A economia do hidrogênio verde poderá se beneficiar de ações políticas e apoio regulatório pelo menos nos primeiros anos dessa indústria nascente, para ajudar a desenvolver soluções na escala necessária. O problema para o desenvolvimento da indústria é alinhar todas as suas etapas e processos necessários para o seu sucesso e, em seguida, colocá-los em ordem num planejamento bem consistente. Outro fator é que os projetos devam ter clientes já previstos antes mesmo que as decisões finais de investimentos sejam tomadas.

Também está ficando claro que o hidrogênio só funcionará realmente como gás se for usado localmente, transportado sobretudo por gasodutos para o consumo de indústrias e veículos. Para ser viável como combustível de exportação, o hidrogênio precisará ser transformado em forma de metanol, amônia ou outros transportadores de energia que estão sendo estudados. É uma tecnologia bastante madura do ponto de vista da produção, mas para transportar ainda levará de um a dois anos para a sua maturidade completa. Todas essas variáveis e outras precisam ser muito bem examinadas conjuntamente para o êxito dos projetos.

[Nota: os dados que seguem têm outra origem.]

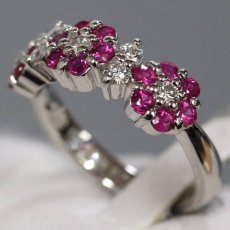 画像2: Pt900ルビーダイヤモンドリング フラワーモチーフ R0.83 D0.31 6.9g #12 (2)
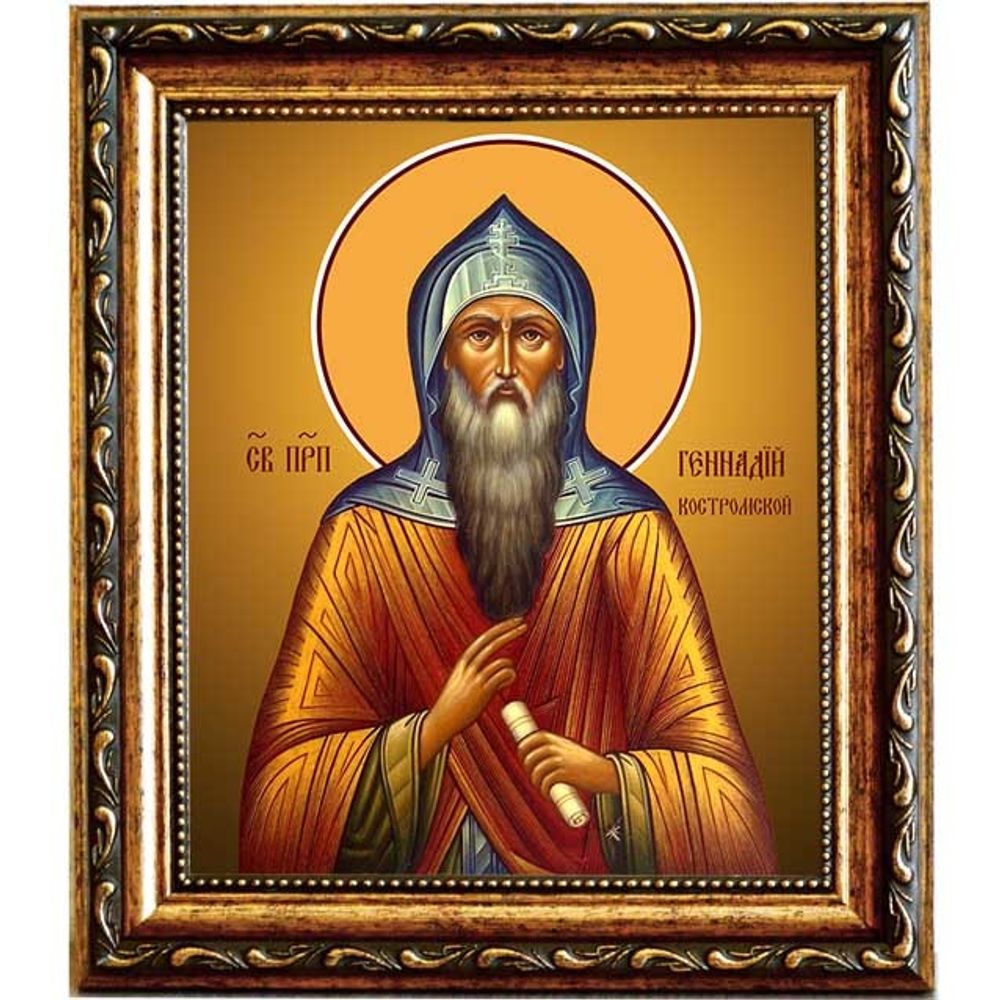 Геннадий Костромской, Любимоградский преподобный. Икона на холсте.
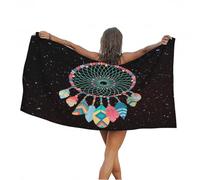 Leichong Serviette de Plage Attrape Rêve, 3D Dessin Animé Grande Serviette de Bain Microfibre, Drap de Plage Séchage Rapide e Anti Sable pour Piscine Voyage Couverture, 100x200 cm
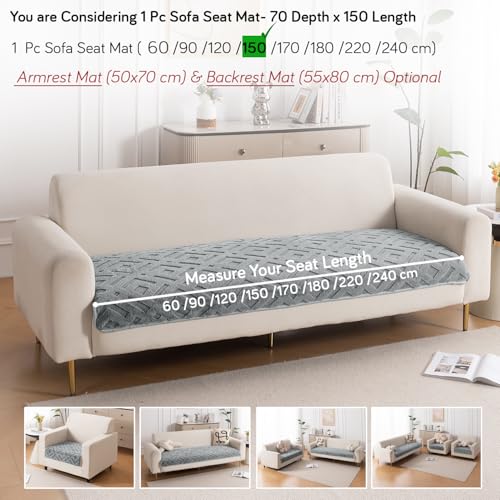 Image of HOKIPO 'Velvet Maze' Premium Anti Slip Sofa Cover Mats for L Shape and 1 /2 /3 Seater Sofa. Make Your Own Sofa Cover Set, 70(D) x 150(L) cm, Dark Grey (AR-5906-DGRY)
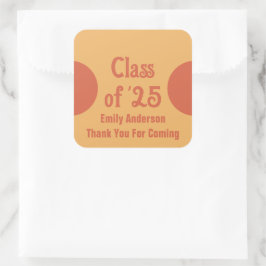 Klasse van '25 Oranje Afstudeerder Naam Dank u Afs Vierkante Sticker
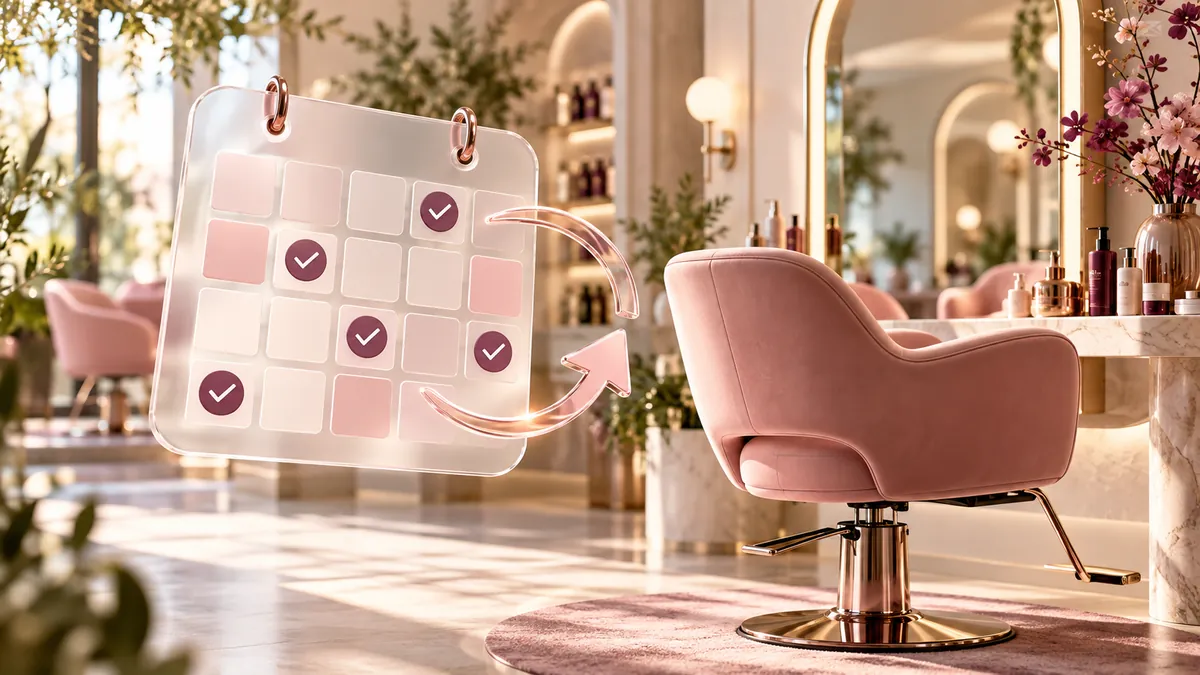 Blush salon chair with a translucent rebooking calendar and repeat-booking arrow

As cidades com visão de futuro precisarão agir ainda nesta década para obter as melhores chances de aproveitar a oportunidade que está agora aberta. Quem sair na frente “sentará na janela”. Maricá precisa já começar a desenvolver um plano de transição, não só porque os recursos provenientes do petróleo vão sofrer uma queda brusca, mas também para gerar empregos numa nova era de desenvolvimento sustentável, sem a qual metade do município pode desaparecer em meados deste século, inundada pelo mar. Não se trata apenas de ecologia, mas da sobrevivência das futuras gerações com menos de 30 anos, e da cidade como um todo, que cresceu bastante nos últimos tempos, e agora precisa encontrar um novo caminho para continuar prosperando.